LISTED RECORDS
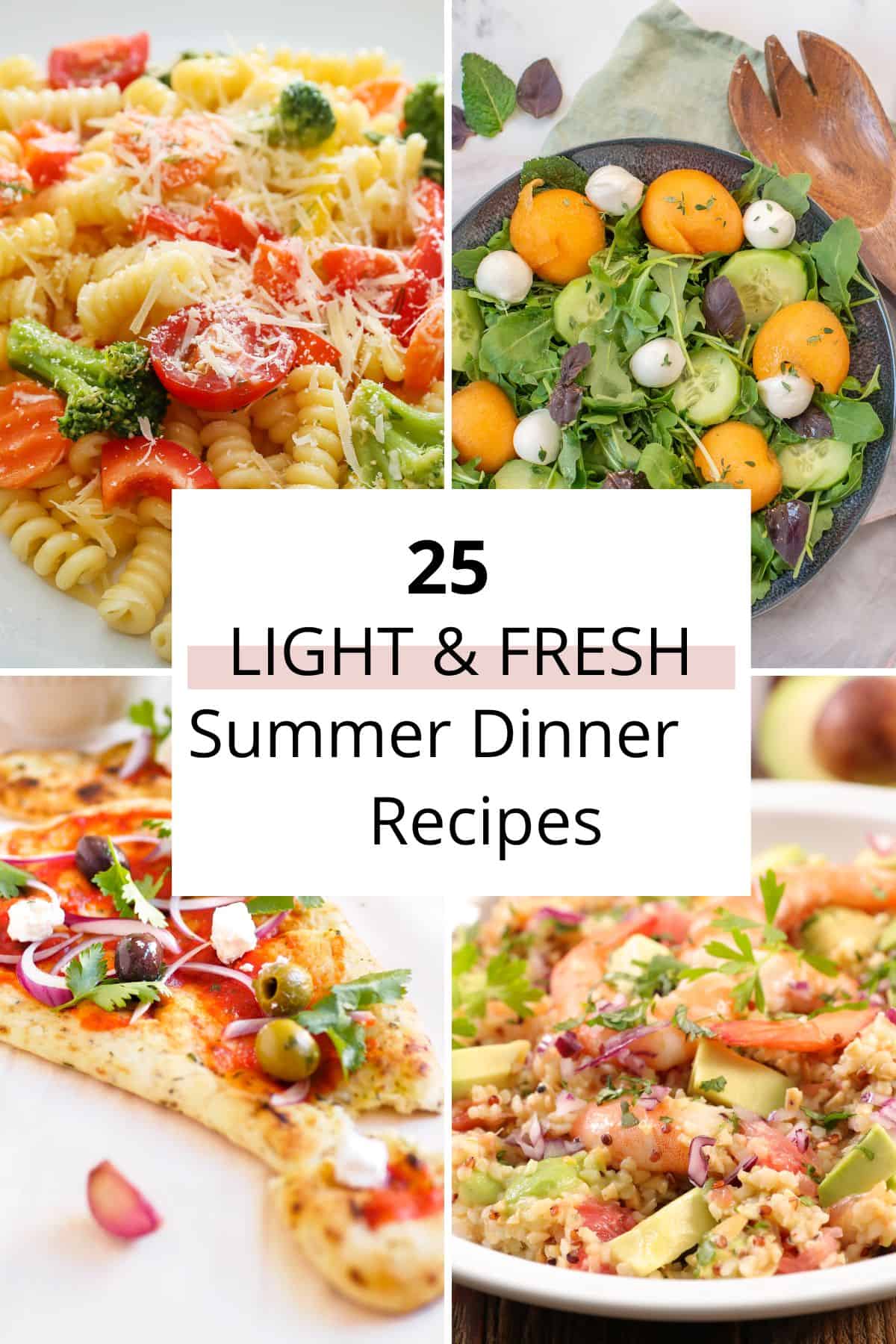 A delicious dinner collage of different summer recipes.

...

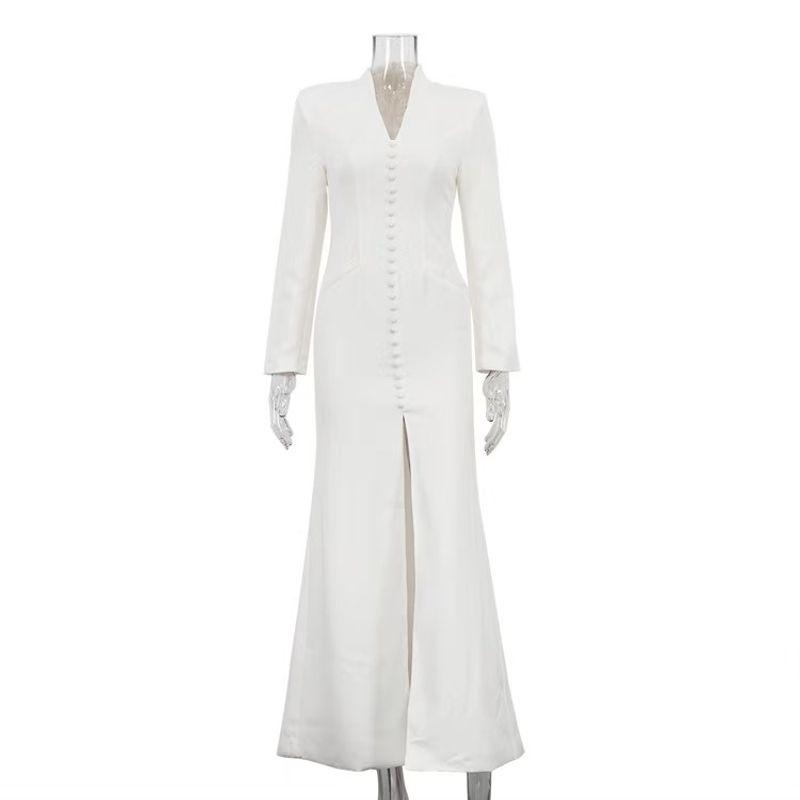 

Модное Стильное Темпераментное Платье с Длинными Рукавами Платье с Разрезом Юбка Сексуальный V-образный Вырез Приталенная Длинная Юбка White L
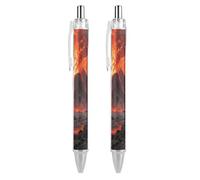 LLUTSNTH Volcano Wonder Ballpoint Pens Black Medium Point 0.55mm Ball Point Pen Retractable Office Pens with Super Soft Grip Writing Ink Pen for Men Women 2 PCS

TO DO
Using the data above, which lines fall from the one with "Модное Стильное Темпераментное" through the one with "LLUTSNTH Volcano Wonder"? Repeat them exactly, ends included, minus any pictures.

RESPONSE TO THIS EXERCISE
Модное Стильное Темпераментное Платье с Длинными Рукавами Платье с Разрезом Юбка Сексуальный V-образный Вырез Приталенная Длинная Юбка White L
 LLUTSNTH Volcano Wonder Ballpoint Pens Black Medium Point 0.55mm Ball Point Pen Retractable Office Pens with Super Soft Grip Writing Ink Pen for Men Women 2 PCS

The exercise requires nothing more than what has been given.